Material supplied
··········

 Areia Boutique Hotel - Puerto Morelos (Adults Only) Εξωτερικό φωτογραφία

··········

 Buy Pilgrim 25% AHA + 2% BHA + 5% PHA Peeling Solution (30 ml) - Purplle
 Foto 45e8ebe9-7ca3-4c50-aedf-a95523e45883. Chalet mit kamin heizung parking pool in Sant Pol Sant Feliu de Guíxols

··········

Exercise prompt
In the listing above, transcribe exactly everything from the line containing "Buy Pilgrim 25%" down to the line containing "Foto 45e8ebe9-7ca3-4c50-aedf-a95523e45883. Chalet", including both and nothing more.

Answer box
 Buy Pilgrim 25% AHA + 2% BHA + 5% PHA Peeling Solution (30 ml) - Purplle
 Foto 45e8ebe9-7ca3-4c50-aedf-a95523e45883. Chalet mit kamin heizung parking pool in Sant Pol Sant Feliu de Guíxols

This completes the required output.